Agesilaus

Plutarch

Plutarch. Plutarch's Lives, Vol. V. Perrin, Bernadotte, translator. Cambridge, MA: Harvard University Press; London: William Heinemann Ltd., 1917.

The enemy have now worked out our safety with their own hands. They have dug their trench so far that the part which is finished hinders them from attacking us in great numbers, and the space between the ends gives us room to fight them on fair and equal terms. Come, then, be eager to show yourself a brave man; follow with us as we charge, and save yourself and your army too.

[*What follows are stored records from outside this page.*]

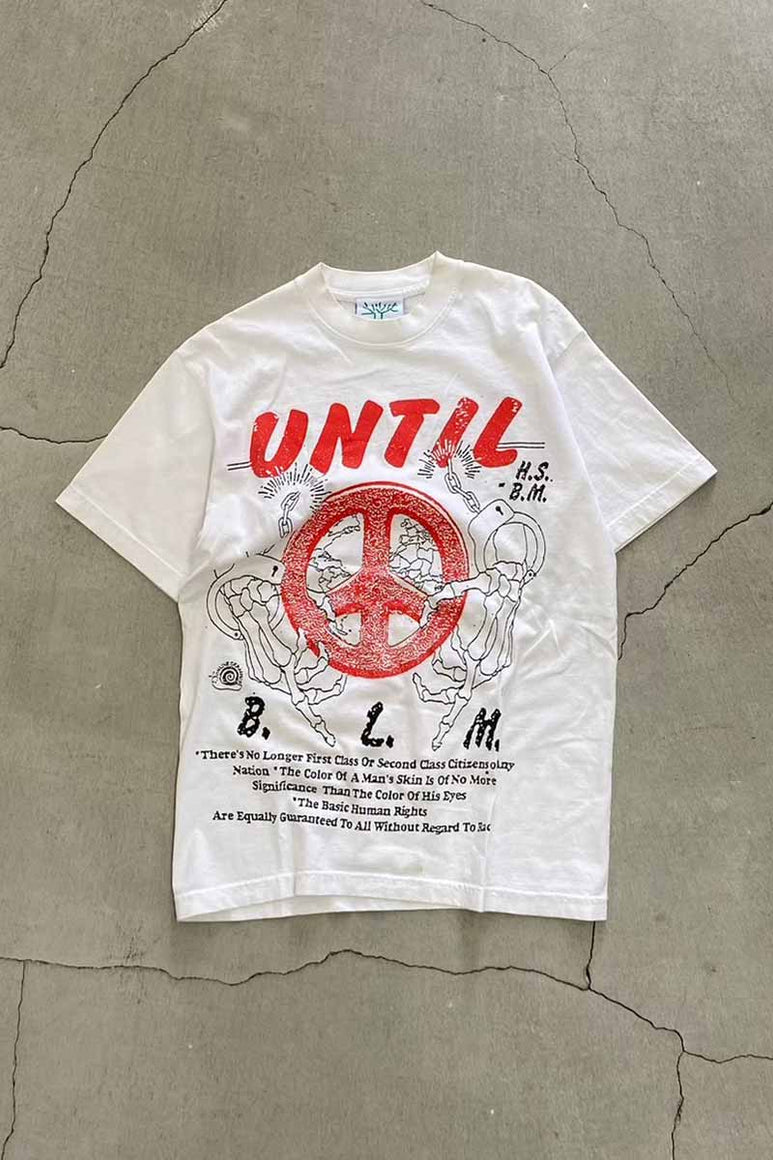 S/S B.L.M DESIGN PRINT T-SHIRT / WHITE [SIZE: S USED]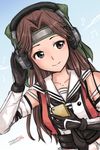  2016 bow brown_eyes brown_hair cellphone dated dutch_angle elbow_gloves forehead_protector gloves hachimaki hair_bow hair_intakes half_updo hamu_agaki headband headphones highres jintsuu_(kantai_collection) kantai_collection long_hair phone remodel_(kantai_collection) school_uniform serafuku signature smartphone smile solo 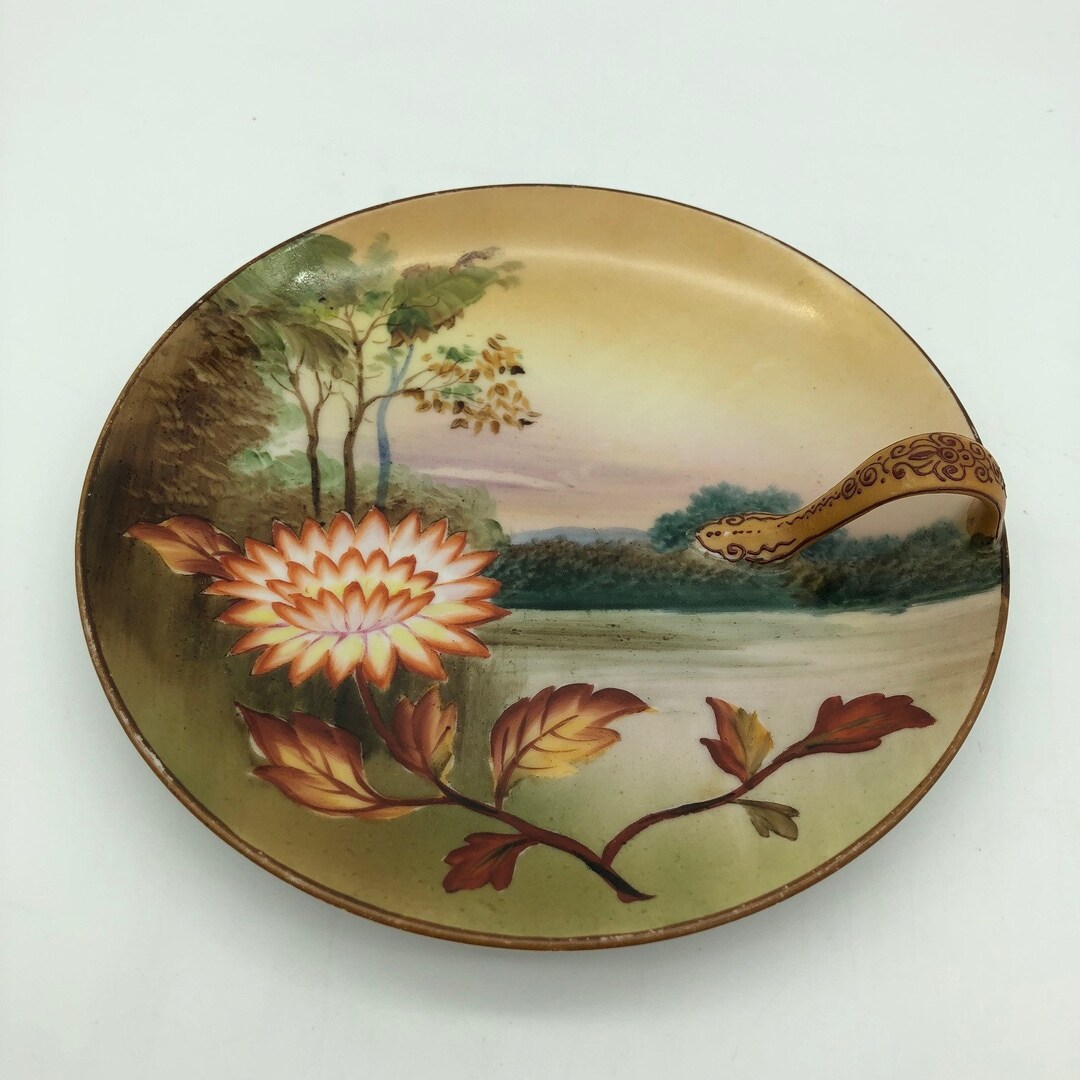 RARE Antique Nippon Hand Painted Dish With Handle - Etsy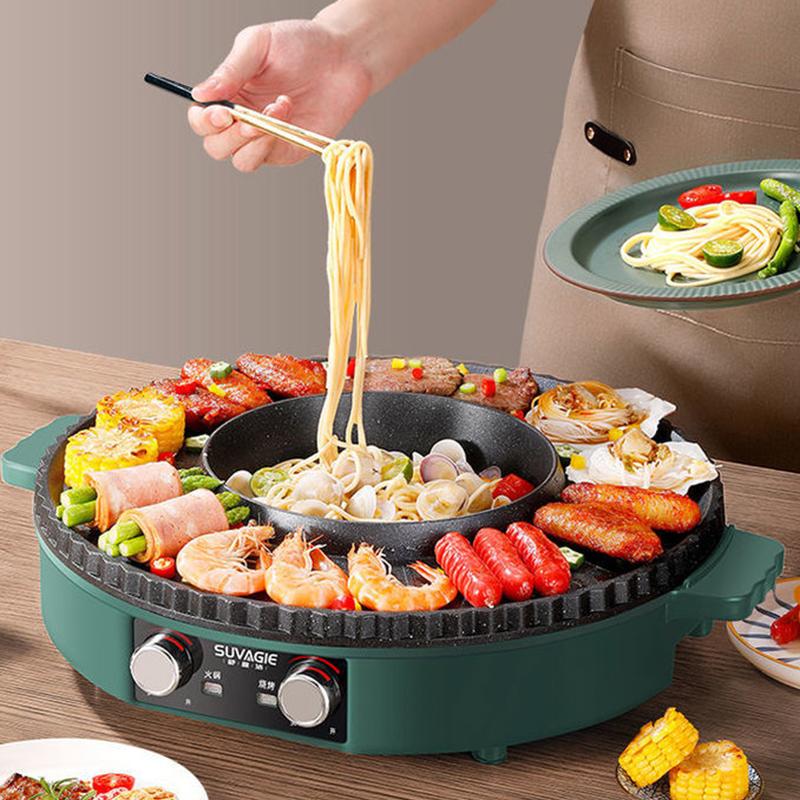 Barbecue Plate Household Frying-shabu Barbecue Mandarin Duck Pot All-in-one Electric Barbecue Grill Indoor Smokeless Barbecue Machine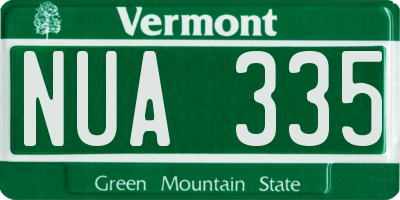 VT license plate NUA335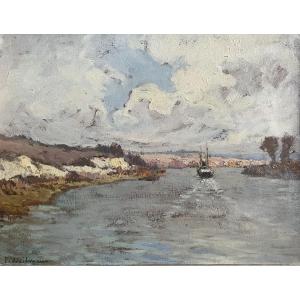 Tableau Art Lorrain Remiremont Vosges Peinture La Seine Conflans Signée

For the enemy in our front will not withstand us, and the rest will not harm us because of the trench. Nectanabis, then, was filled with admiration for the sagacity of Agesilaüs, and putting himself in the centre of the Greek array, charged forwards and easily routed his opponents. And now that Agesilaüs had won back the confidence of Nectanabis, he brought the same stratagem to bear again upon the enemy, like a trick in wrestling.

By sometimes pretending to retreat and fly, and sometimes attacking them on the flanks, he drove their whole multitude into a tract which had a deep canal full of water on either side. The space between these he occupied and stopped up with the head of his column, and so made his numbers equal to those of the enemy who could fight with him, since they were unable to surround and enclose him. Therefore after a short resistance they were routed; many were slain, and the fugitives were dispersed and melted away.[*](The account of this Egyptian campaign in Diodorus, xv. 93, differs in many details.)

After this, the Egyptian succeeded in establishing himself firmly and securely in power, and showed his friendliness and affection by begging Agesilaüs to remain and spend the winter with him. But Agesilaüs was eager to return to the war at home, knowing that his city needed money and was hiring mercenaries. He was therefore dismissed with great honour and ceremony, taking with him, besides other honours and gifts, two hundred and thirty talents of silver for the war at home.

But since it was now winter, he kept close to shore with his ships, and was borne along the coast of Libya to an uninhabited spot called the Harbour of Menelaüs. Here he died, at the age of eighty-four years. He had been king of Sparta forty-one years, and for more than thirty of these he was the greatest and most influential of all Hellenes, having been looked upon as leader and king of almost all Hellas, down to the battle of Leuctra.

It was Spartan custom, when men of ordinary rank died in a foreign country, to give their bodies funeral rites and burial there, but to carry the bodies of their kings home. So the Spartans who were with Agesilaüs enclosed his dead body in melted wax, since they had no honey, and carried it back to Lacedaemon. The kingdom devolved upon Archidamus his son, and remained in his family down to Agis, who was slain by Leonidas[*](In 240 B.C. See the Agis, chapters xix., xx.) for attempting to restore the ancient constitution, being the fifth in descent from Agesilaüs.